(Exercise materials)
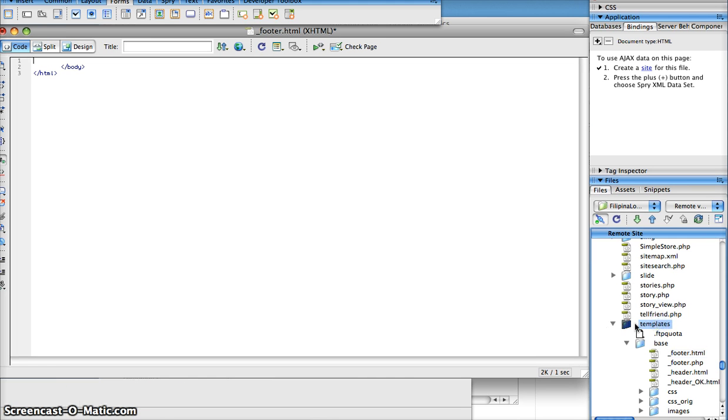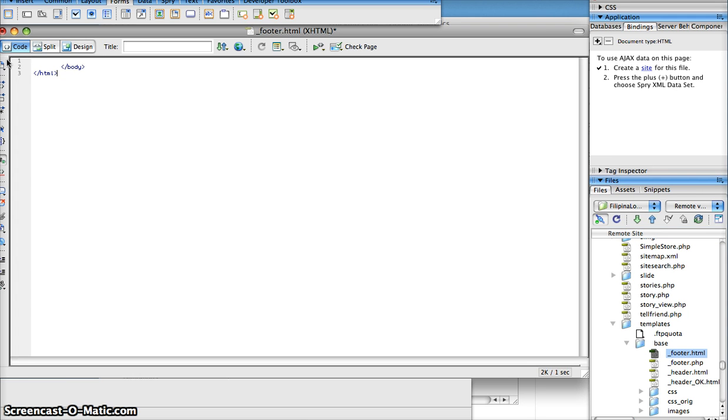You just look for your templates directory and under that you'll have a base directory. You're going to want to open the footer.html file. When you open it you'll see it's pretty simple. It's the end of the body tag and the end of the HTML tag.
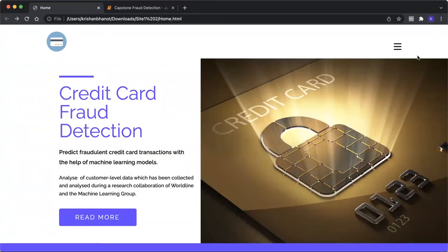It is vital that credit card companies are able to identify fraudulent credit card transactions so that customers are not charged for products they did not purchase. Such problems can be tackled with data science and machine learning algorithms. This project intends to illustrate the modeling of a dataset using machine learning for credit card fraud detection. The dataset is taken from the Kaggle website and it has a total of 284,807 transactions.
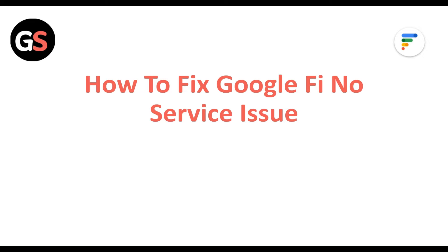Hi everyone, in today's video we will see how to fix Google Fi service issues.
(End Exercise materials)
(Exercise materials)
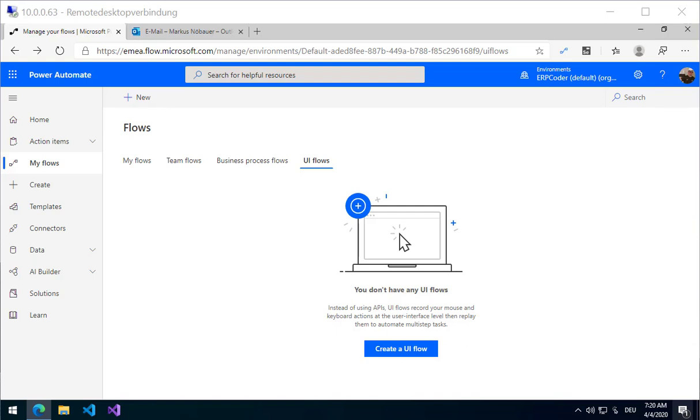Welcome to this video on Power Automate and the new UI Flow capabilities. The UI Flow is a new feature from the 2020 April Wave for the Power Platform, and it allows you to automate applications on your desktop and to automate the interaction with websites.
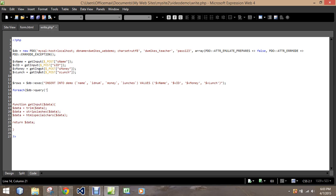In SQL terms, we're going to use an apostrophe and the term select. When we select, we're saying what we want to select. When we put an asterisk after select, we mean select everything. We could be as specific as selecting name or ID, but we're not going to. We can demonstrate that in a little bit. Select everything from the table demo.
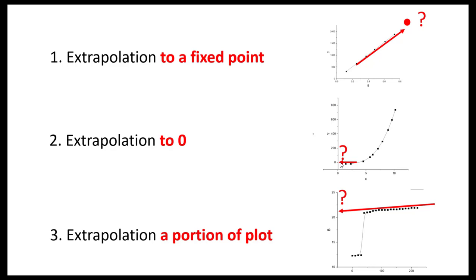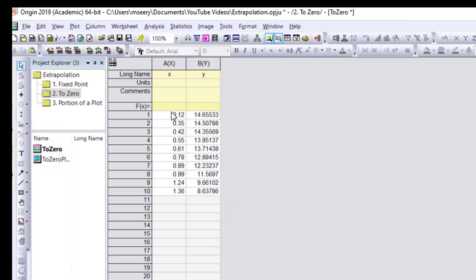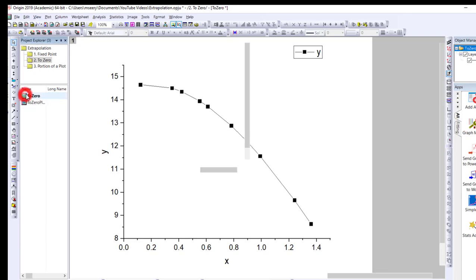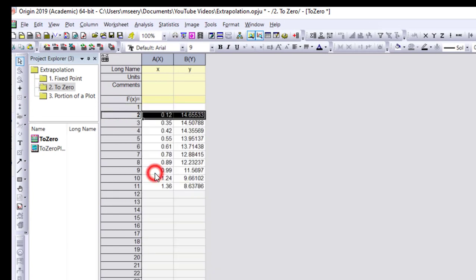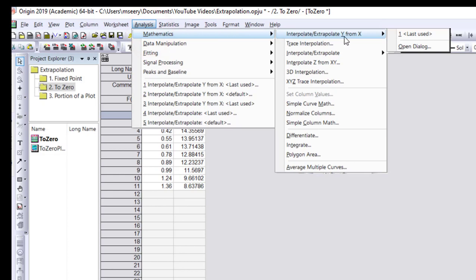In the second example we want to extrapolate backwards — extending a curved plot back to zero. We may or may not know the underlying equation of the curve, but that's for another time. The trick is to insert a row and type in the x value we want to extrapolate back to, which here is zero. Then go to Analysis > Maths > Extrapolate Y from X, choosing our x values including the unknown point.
(End Exercise materials)
> Problem requirements
Extract the part of the records that opens with the line containing "It is vital" and closes with the line containing "Hi everyone, in". Take only those lines, exactly, and no pictures.

> Solution for this exercise
It is vital that credit card companies are able to identify fraudulent credit card transactions so that customers are not charged for products they did not purchase. Such problems can be tackled with data science and machine learning algorithms. This project intends to illustrate the modeling of a dataset using machine learning for credit card fraud detection. The dataset is taken from the Kaggle website and it has a total of 284,807 transactions.
Hi everyone, in today's video we will see how to fix Google Fi service issues.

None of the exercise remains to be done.